When I first got into the wine business, classified-growth Bordeaux was relatively inexpensive, and I worked for a wine distributor with some of the best available. Kid in the candy store.
What I quickly discovered is that cellaring that Chateau Talbot 1982 had an enemy--Me (there's no "I" in enemy, but there is a "me" hiding behind the "Y" or why). Now, I'm only slightly schizophrenic--I'm okay and so am I--but, the Cellaring Me envisioned sitting on this wine for 20 years (waiting for that special occasion that never comes, see "Open That Bottle Any Night" below). Unfortunately, the Party-Hearty Me would invite some friends over for dinner and after a couple of bottles of more pedestrian wine, PH Me would say something like, "Oh, man, you gotta try this incredible Bordeaux I just bought." Boom, gone.
So, Cellaring Me devised a devilish plan to thwart PH Me. I obtained several wood wine boxes with lids, and I placed the wines to be cellared in those boxes and nailed the lids shut. I then stacked them on top of each other and put wine racks on top of the stack. Tough thing to do to PH Me, but somebody had to step up if I were ever to have a wine cellar.
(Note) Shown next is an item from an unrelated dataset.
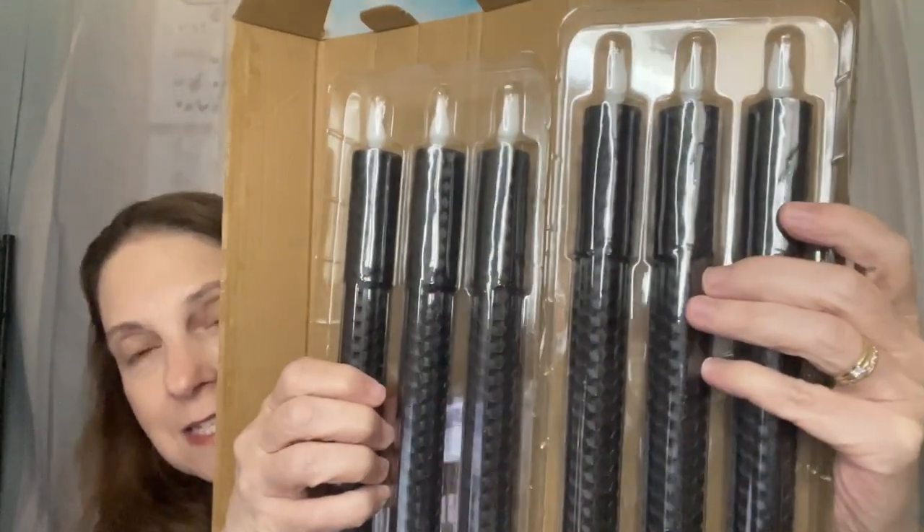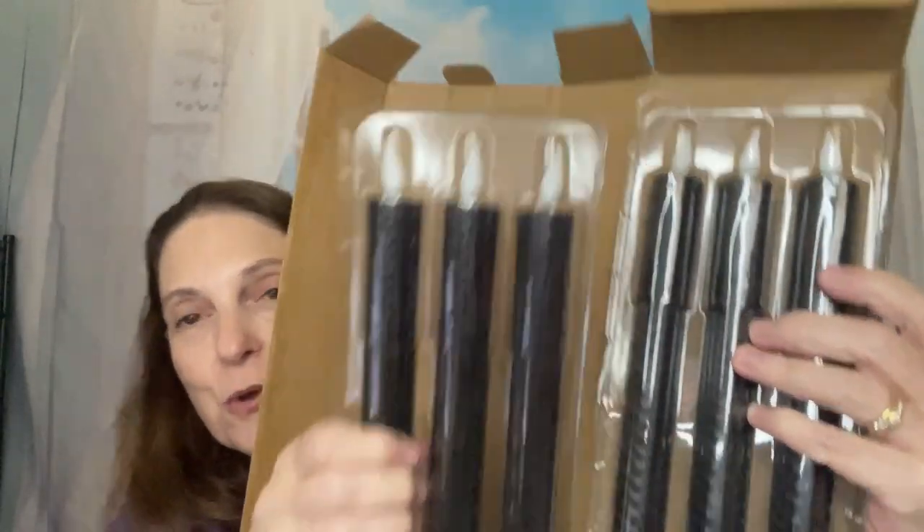These are completely flameless and you've probably all seen these type of things. You get the remotes — two of them in fact — and inside this package you get six candles. They're called Punase, P-U-N-A-S-E, black flameless taper candles. They're 9.7 inches, real wax honeycomb LED candles, battery operated with remote and timer. They're black candlesticks with flickering warm white light for room, home, table, Halloween decor, and you get six pieces.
I still have the same set up, and it still thwarts what little is left of PH Me. Unfortunately, it also means that I have a fair amount of wine I should have drunk by now. I'm just too lazy to unstack those boxes to get to it.
Cellaring wine is an inexact, unpredictable exercise. When a wine is at its peak is anybody's guess and always just a guess. Cellar conditions affect how quickly a wine ages, and few of us have perfect cellar conditions. Mine is a consistently cool, dark place with little vibration. I don't worry about humidity variations, nor should you. (Here's why.) So far, it's been sufficient. As with any cellar, I've had my surprises, both pleasant and unpleasant.
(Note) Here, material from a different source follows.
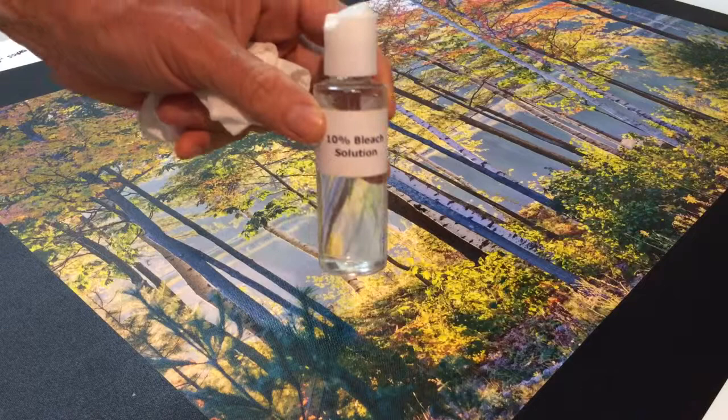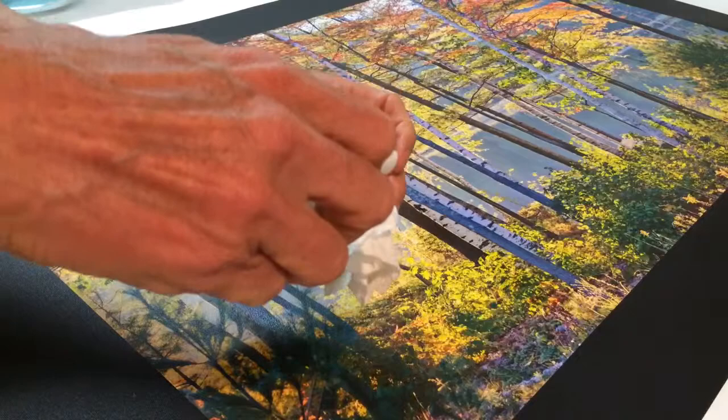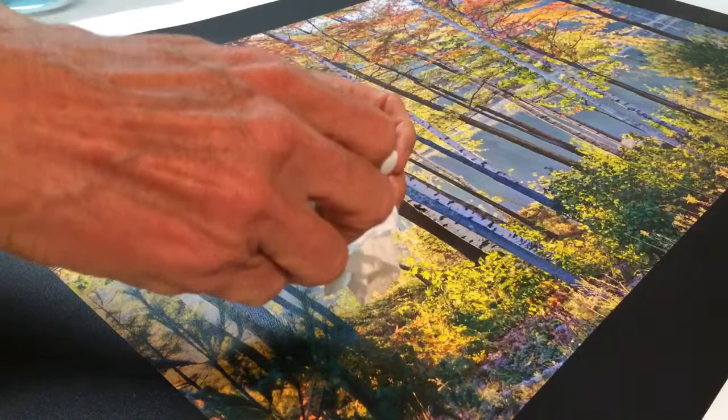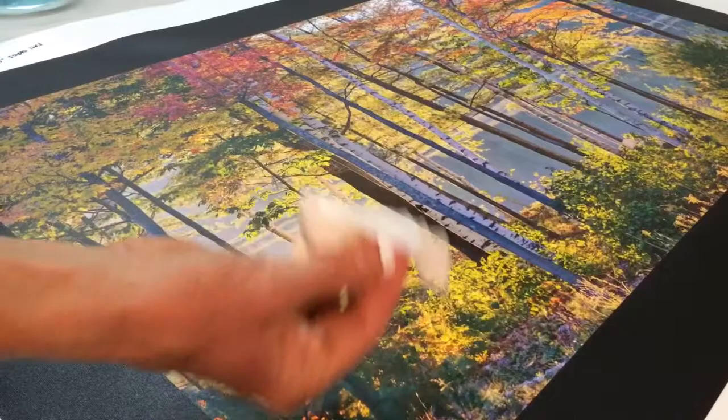Next up I go with a more intense bleach. Because hospitals use bleach since they're concerned about infection control, I made up some 10% dilute bleach solution. We're going to go ahead and put that on this paper towel and then scrub that on here. And you can see that, again, it's not causing any harm. I'm rubbing pretty hard and that's not causing any harm.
Corks, for instance, can be an unpleasant surprise in any cellar. Most corks last at best 25 years in the bottle. As they age, they contract even with the bottle on its side and the wine in contact with one end. Eventually, they fail and wine starts to drip out of the bottle--fruit fly nirvana. The contact with air is the wine's demise. This is why several of the 1st-Growth Bordeaux chateaux, Mouton and Lafite, and Australia's Penfolds regularly conduct re-corking clinics throughout the world. Great after-market service.
I've found that any wine older than a decade is probably best opened with an Ah-So, sometimes called a Butler's Friend. These two-pronged openers can often retrieve a dry cork, a crumbly cork, or any other cork in a fragile state.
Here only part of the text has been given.